K-Means does have drawbacks
As I said, K-Means is what you want to use if you're looking for speed. However, bear in mind that K-Means has drawbacks:
- You need to specify the number of clusters in advanced (you could try a range of numbers, or use mathematical methods to calculate the optimal number).
- It struggles to find clusters which don't have a roughly spherical shape
- It struggles to find clusters of vastly different sizes
- It is less able to handle noise/outliers compared to other methods.
You can also use other methods if you take a sample of the data
The methods which do not work well with large datasets are often more accurate than K-Means (which is why they take longer). You can use these methods if you take a sample of the large dataset. You could take a random sample, or a biased sample which exaggerates denser areas. CLARA is an option for sampling a large dataset to use K-Medoids on.

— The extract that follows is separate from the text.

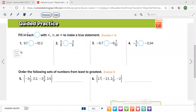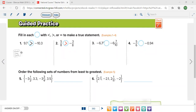In the guided practice, fill in each circle with smaller than, greater than, or equal to. Any positive number is bigger than any negative number, so the sign is greater than. Similarly for the next one. For 0.7 and 7 over 10, both are the same value, so the two numbers are exactly equal.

Source: I work with clusteing, I am not an expert but I have experience with K-Means and other methods.
k-means is useless for "big data"
- there is no "big data" suitable for k-means.
The only big data you have is unstructured text and video. K-means cannot be used on such data.
k-means only works on low-dimensional, continuous numeric, dense data. So if you have say 10 dimensions (at this point, k-means barely works usually) with double precision, you need 80 bytes per object. You can fit billions of objects into a single machine and it will outperform your cluster.
- k-means does not benefit from big data.
It computes averages. You do not find significantly better averages by adding more data. Running k-means on a just-large-enough sample yields virtually the same result.
- k-means is an unreliable, crude heuristic that needs to be used with care.
You can't just throw data at k-means, run it, and expect anything useful out of it. It is too sensitive to preprocessing, the k parameter, feature selection, feature engineering and so on. Whenever you run k-means, you need to carefully validate the outcome. You cannot automate this. So how would you validate your "big data" outcome? You will make some error in preprocessing or using k-means and you will never know.
Of course every new big data machine learning toy adds "k-means clustering" to their feature list, because it is about the easiest algorithm you can find (little more than computing a single mean). But I have never seen an example where k-means was used for "big data" with success, and I have never seen a good cluster implementation either - only crappy versions copied from the average textbook.